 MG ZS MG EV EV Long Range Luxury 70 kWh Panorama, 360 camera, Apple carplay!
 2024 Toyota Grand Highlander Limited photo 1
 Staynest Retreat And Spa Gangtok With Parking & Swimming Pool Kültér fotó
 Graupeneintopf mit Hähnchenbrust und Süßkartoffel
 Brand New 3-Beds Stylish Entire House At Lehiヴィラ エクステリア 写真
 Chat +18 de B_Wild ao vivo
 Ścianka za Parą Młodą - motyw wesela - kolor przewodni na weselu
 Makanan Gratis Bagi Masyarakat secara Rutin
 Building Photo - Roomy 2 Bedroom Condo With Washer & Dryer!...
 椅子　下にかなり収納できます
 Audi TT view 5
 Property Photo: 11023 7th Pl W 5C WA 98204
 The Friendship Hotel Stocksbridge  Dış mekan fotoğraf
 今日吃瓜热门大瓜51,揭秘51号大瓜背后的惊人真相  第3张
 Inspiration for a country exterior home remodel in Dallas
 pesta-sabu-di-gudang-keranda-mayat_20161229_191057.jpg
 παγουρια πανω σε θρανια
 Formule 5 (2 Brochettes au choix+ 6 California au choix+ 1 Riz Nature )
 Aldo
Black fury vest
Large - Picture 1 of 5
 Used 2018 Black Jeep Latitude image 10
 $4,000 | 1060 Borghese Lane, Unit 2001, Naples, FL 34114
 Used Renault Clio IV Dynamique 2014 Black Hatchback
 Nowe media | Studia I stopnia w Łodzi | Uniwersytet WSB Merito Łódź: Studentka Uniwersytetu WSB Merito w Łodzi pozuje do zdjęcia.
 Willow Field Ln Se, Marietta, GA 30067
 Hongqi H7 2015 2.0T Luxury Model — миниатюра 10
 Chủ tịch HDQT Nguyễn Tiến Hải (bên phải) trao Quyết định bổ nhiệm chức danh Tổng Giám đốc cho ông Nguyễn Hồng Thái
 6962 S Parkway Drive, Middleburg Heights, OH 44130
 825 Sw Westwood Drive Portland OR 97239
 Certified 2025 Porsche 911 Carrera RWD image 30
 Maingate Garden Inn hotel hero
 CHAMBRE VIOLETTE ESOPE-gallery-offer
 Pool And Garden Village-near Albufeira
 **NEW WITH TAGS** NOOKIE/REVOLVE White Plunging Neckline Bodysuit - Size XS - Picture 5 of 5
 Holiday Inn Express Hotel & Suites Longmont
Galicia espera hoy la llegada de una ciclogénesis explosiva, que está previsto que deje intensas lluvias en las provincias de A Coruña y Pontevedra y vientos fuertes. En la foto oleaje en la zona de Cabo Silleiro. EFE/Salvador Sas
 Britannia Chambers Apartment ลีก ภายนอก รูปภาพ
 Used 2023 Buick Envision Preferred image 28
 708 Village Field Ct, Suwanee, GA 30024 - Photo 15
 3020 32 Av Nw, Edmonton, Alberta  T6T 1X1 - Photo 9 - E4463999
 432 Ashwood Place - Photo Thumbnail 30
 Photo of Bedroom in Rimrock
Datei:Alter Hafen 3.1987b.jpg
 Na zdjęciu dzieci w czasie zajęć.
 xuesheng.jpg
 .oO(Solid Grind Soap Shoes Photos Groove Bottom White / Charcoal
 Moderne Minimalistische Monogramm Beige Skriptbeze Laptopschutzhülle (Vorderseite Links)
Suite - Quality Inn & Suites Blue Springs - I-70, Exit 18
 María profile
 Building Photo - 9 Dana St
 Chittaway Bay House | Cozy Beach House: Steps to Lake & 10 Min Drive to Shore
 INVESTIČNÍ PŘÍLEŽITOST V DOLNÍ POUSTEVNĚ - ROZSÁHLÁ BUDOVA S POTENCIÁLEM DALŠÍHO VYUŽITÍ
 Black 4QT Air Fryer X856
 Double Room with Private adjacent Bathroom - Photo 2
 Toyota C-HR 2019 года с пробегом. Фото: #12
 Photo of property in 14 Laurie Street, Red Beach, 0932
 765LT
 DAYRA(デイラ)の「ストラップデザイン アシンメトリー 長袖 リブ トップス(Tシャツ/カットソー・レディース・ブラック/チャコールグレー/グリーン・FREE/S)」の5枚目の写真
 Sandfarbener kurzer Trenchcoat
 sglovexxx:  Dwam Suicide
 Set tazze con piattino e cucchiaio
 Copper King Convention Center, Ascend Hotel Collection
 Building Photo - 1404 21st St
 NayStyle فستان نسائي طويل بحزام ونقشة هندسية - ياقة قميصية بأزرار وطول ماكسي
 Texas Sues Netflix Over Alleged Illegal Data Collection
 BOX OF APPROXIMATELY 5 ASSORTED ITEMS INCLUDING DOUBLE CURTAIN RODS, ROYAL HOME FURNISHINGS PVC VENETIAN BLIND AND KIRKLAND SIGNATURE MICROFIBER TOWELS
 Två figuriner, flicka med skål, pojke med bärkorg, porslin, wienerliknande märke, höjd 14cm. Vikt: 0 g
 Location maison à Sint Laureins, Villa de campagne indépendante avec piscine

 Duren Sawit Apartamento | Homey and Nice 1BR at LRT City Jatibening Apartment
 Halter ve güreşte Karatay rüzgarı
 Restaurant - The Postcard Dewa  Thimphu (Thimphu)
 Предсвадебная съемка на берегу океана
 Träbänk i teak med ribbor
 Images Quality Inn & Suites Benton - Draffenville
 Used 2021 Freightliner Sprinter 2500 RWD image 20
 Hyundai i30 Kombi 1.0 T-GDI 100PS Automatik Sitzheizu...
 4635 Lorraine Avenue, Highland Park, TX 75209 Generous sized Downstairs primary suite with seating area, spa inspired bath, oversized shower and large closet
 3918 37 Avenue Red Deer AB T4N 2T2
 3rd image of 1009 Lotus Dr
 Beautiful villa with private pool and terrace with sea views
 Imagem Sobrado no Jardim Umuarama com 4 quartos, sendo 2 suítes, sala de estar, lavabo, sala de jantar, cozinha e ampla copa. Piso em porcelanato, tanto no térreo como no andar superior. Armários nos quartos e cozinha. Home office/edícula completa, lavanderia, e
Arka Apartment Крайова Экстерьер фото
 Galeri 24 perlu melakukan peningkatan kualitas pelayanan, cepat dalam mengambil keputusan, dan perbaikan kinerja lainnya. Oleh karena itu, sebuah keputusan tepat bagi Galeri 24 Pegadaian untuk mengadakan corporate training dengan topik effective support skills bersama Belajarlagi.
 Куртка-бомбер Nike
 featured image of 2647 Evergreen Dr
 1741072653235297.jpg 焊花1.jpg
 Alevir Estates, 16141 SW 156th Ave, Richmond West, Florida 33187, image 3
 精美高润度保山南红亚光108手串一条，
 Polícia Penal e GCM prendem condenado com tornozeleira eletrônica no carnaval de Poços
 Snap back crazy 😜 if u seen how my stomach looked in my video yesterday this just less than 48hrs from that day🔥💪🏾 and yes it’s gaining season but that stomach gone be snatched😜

**Description of the task:**
What number of lines above include the string "Picture"? State it and nothing else.

**Exercise output:**
2